First, we need to get off the grid of reactivity—and into the space between stimulus and response.
That means heeding our fundamental need for daylight, nourishment, movement, and rest during work hours—and all day. When, how, and how often we answer these needs varies with our mood and energy level, and with the way our brains and bodies work. By meeting these fundamental needs, we prevent our fear brain from firing and enable higher-order thinking.
Resilience doesn’t just benefit us as individual leaders—it also benefits our teams, colleagues, and organizations. It enables us to apply creativity to problems and draw connections between our work and the organizational mission. It also helps us to have better relationships—and longer fuses.[3]
How Can I Support Others’ Resilience At Work?
That’s the question of the moment, and we’re so glad it’s top of mind for so many leaders! The following three steps will help you deliver an instant resilience boost to your team.
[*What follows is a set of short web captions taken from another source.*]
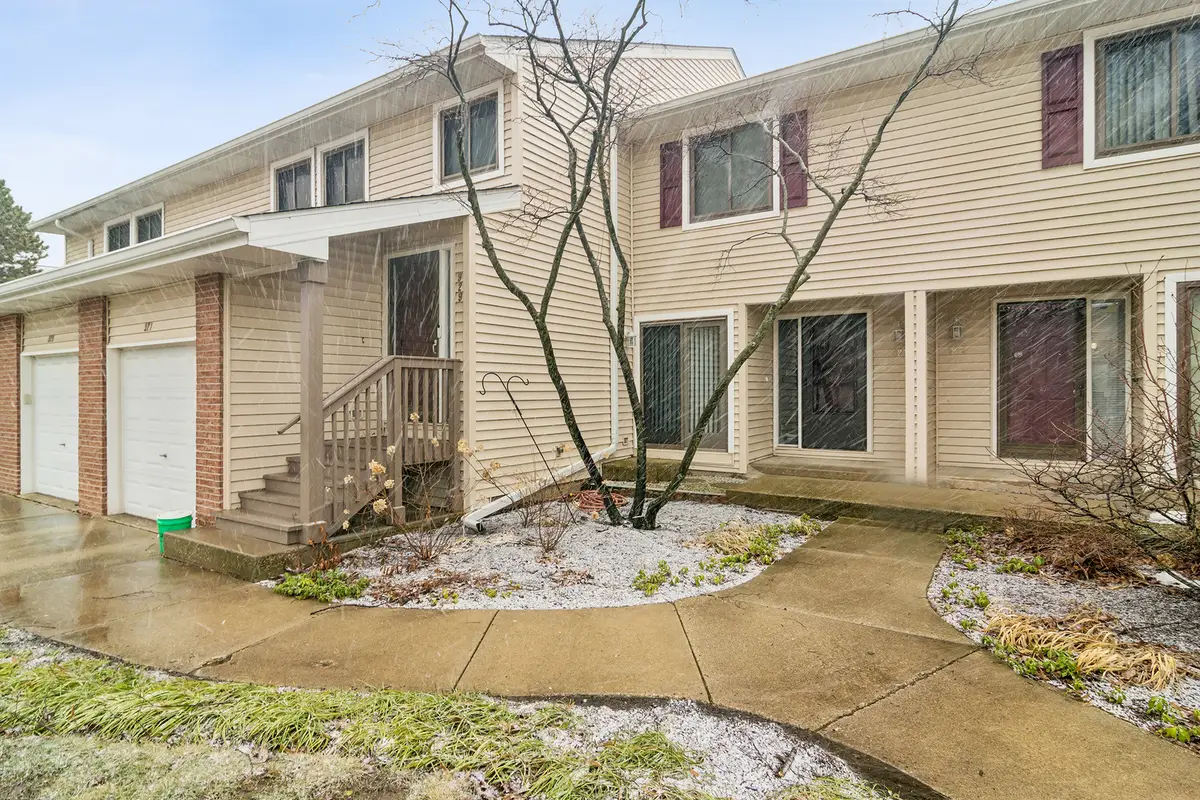 927 Hidden Lake Drive, Buffalo Grove, IL 60089 - #1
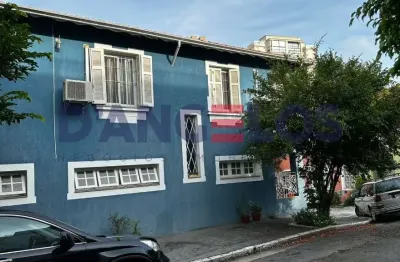 Imperdível oportunidade! casa à venda em são paulo-sp, cambuci, 3 quartos, 1 suíte, 2 salas, 2 banheiros, 1 vaga, 138,00 m².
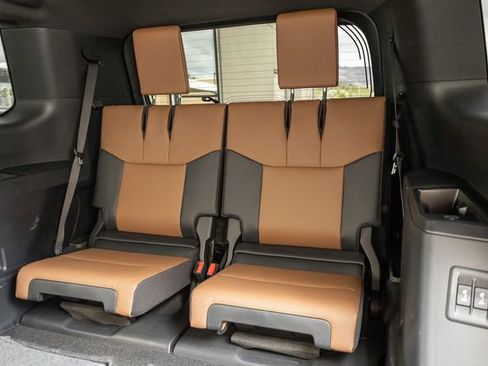 Used 2024 Lexus GX 550 w/ Accessory Package (2T) AWD/4WD image 13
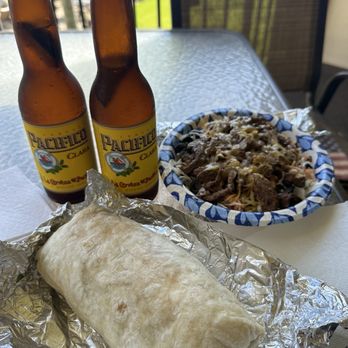 Da Crack Mexican Grinds - Carne Asada bowl and a couple of Pacificos - Mexican Near Me - Koloa, Hawaii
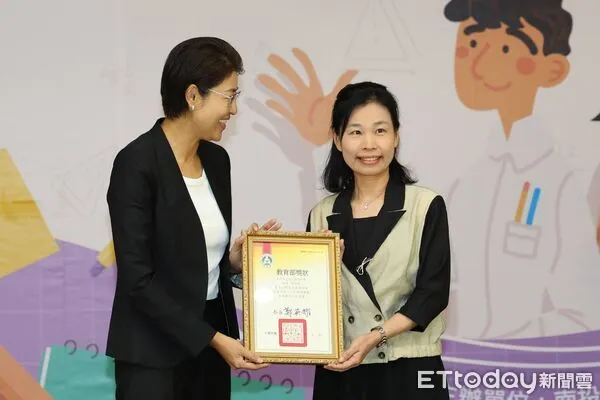 ▲師鐸獎得主李佩樺（右）接受南投縣長許淑華表揚。（圖／南投縣政府提供，下同）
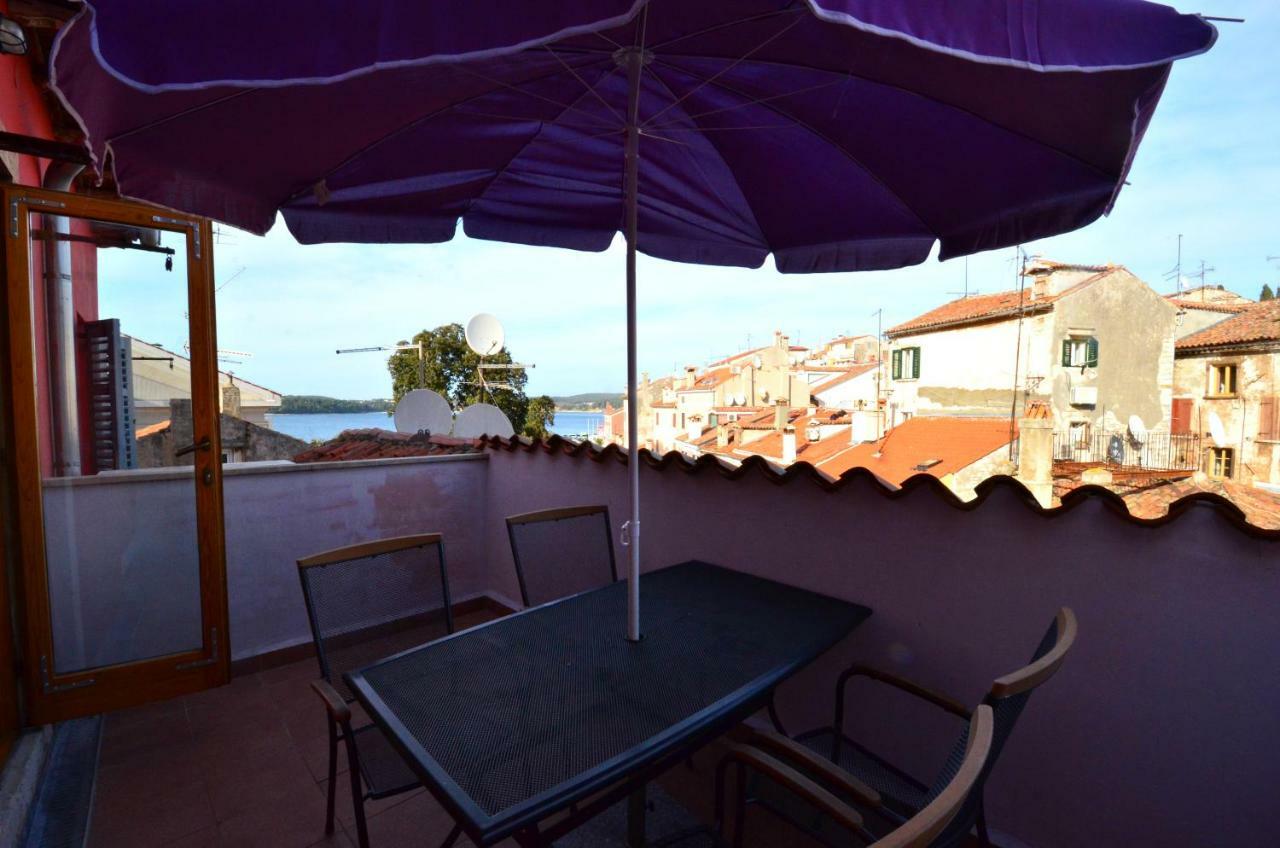 Flora - Family With Terrace In Centre Of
3 Steps To Build Resilience On Your Team
1. Log Off!
Consider how you might be perpetuating a team culture of what Dané calls “nonstopness”—an always-on, always-alert mentality that keeps everyone in a reactive state. That can be as simple as rethinking that late IM or weekend email.
2. Remember That Words Matter.
Humans tend to perceive messages negatively, especially amid stress and uncertainty. To support bandwidth, author Liz Fosslien encourages us to “emotionally proofread” messages before sending.[4] Who wouldn’t prefer “Let’s brainstorm” over “We need to talk”?
3. Ask About—And Honor—Communication Preferences.
Meeting others through their preferred mode of communication helps them show up as their best selves. That team member who appears evasive and uncomfortable on video calls might be an amazing asynchronous collaborator.
Ready to invite your entire team into your resilience practice? Our five-step challenge[5] offers mindsets and habits that will help you thrive together.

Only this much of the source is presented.